24. (From chaste conjugial love, a wife and a virgin have beauty, and a man wisdom.)

25. (There is no lasciviousness in conjugial love, for lasciviousness is unchaste. There is the identical sensation with those who are in conjugial love; consequently, there is nothing unclean, but pure. It appears as if there were, but yet there is not. The reason is, because inwardly in conjugial love, even to the ultimates, is heaven, and inwardly in the love of adultery is hell; and the ultimates of each appear similar, as to their delights, but yet they are not. The difference is not perceived except by conjugial love.

26. It was said by the ancients, that like-seeming delights were signified by Cerberus, who stands at the entrance and keeps watch, lest the delight of heavenly love descend into hell.)

27. (Conjugial love looks continually to two being one, or one flesh. If conjugial love do not look to this, [the love] is the love of adultery. They [i.e. a man and wife] are able to become one, more and more, to eternity.

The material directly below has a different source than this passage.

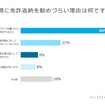 免許返納を勧めづらい理由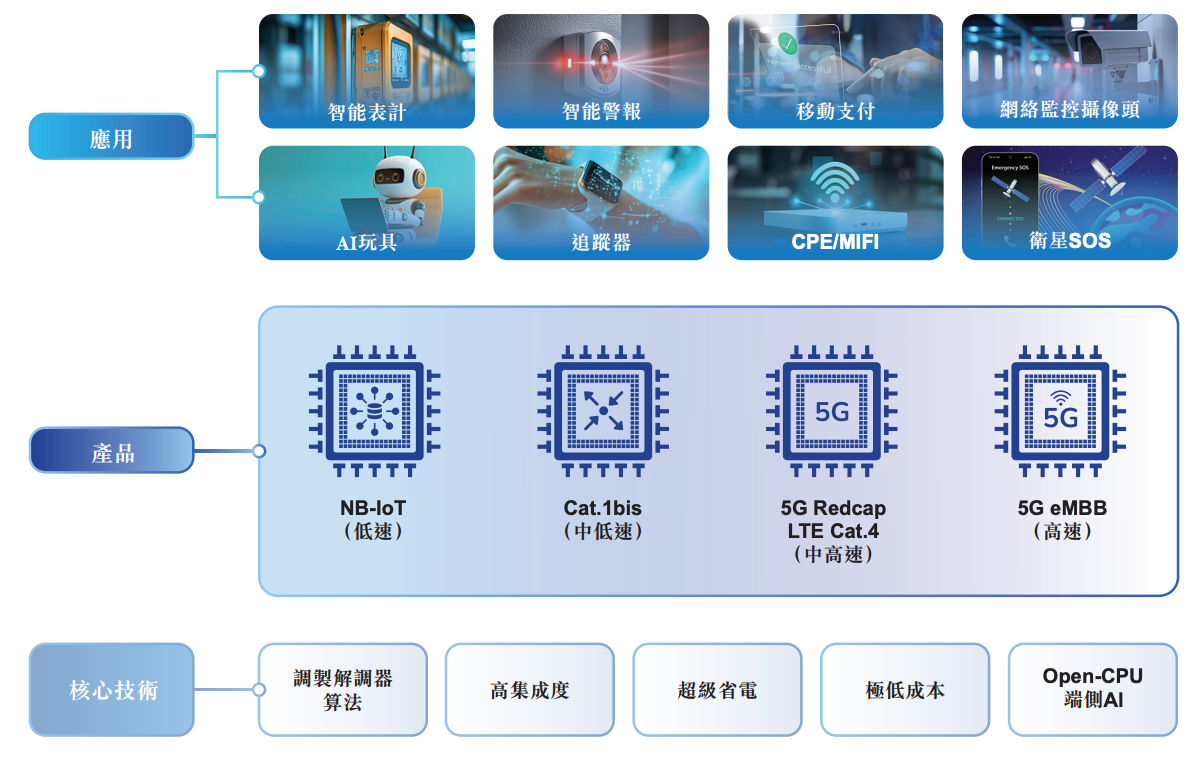 上海通信芯片龙头冲刺港交所!51岁复旦校友创办,干到“中国第一”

28. A male child is truth from good in the natural man. This truth is born from the good of the spiritual man in the natural man; but it is from the marriage of good and truth in the spiritual man. Hence daughters and sons are goods and truths in the natural man - see Apocalypse Revealed, n. 543;see, also, respecting Primogeniture.)

29. (Of what kind the love of inmost friendship is among them. The inmost of friendship is continual, and constitutes the heavenly delight of companionship. The distinction of that love from the love of conjunction. Of what nature the difference is. This difference is not known to adulterers: they instantly believe that the wife desires conjunction, when she says that she loves her husband.)

30. (It was related out of heaven, that the Most Ancients, who were celestial, called conjugial love the chief of all loves, and the very delight of life, and [said] that love towards children is the nearest derivation from it.)

31. (Of what character love towards children, which is storge, is with the evil: they see themselves in them, since the soul of the father is in them. This love conjoins married partners; but in what way, and with what difference,)

32. (A female becomes a female after death, and a male becomes a male; and mutual and reciprocal love remains. For which reason, it cannot be otherwise than that this [love] remains.)

33. There is sometimes an investigation by angels, previous to a betrothing, as to whether there exists the reciprocal of love. If not, they recognize the fact of themselves; and this is from the Lord. Festivities occur when marriages take place, but with a difference according to societies.)

34. (What supremacy effects in marriage, either by the man or the woman. What the submission is that arises from hyper-conscientiousness. What that which arises from excessive simplicity, in him, or in her: what the persuasion, or belief, that whoredom is not sin [effects]).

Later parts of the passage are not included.